Bellman Expectation Equation
For a given policy $\pi$, the state–action value function $q_\pi$ satisfies a set of linear equations. In theory, it can also be written in matrix form and a unique solution can be obtained by solving the linear system. However, since its dimension is $|\mathcal{S}||\mathcal{A}|$, the corresponding matrix is much larger, making computation and storage much more expensive. Therefore, in practice and in classroom derivations, this approach is rarely used.

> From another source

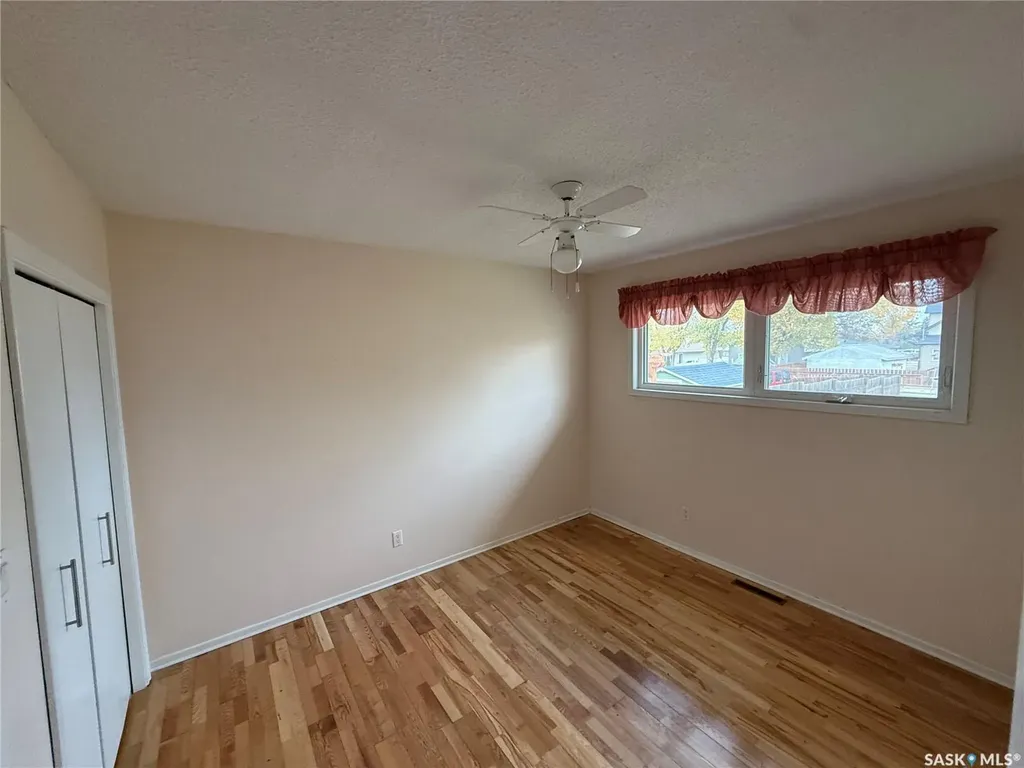 507 7th Avenue E Assiniboia SK S0H 0B0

Bellman Optimality Equation
For the optimal state–action value function $q^*$, the Bellman equation contains the $\max$ operator, making the equation nonlinear. As a result, it cannot be solved in closed-form by matrix inversion. In this case, we also have to rely on iterative methods to approximate the optimal solution.
Therefore, when introducing "how to solve Bellman equations," we mainly focus on state value functions $v$; for control problems, whether it is $v^*$ or $q^*$, we ultimately need to use iteration-based algorithms, such as value iteration, policy iteration, and their corresponding methods in $q$-space.
Preview: Policy Iteration And Value Iteration¶
Because:
| Equation | Linear? | Can matrix inverse? |
|---|---|---|
| Bellman Expectation | ✅ Yes | Theoretically possible (but very costly) |
| Bellman Optimality | ❌ (max) | Impossible |
Therefore, we must use iterative algorithms to solve control and prediction problems.
- Policy Iteration
- Policy Evaluation (solve Bellman Expectation)
- Policy Improvement (greedy with respect to value)
- Value Iteration
- Directly iterates on the Bellman Optimality equation
Essentially, both are different forms of iterative backup for the Bellman Equation.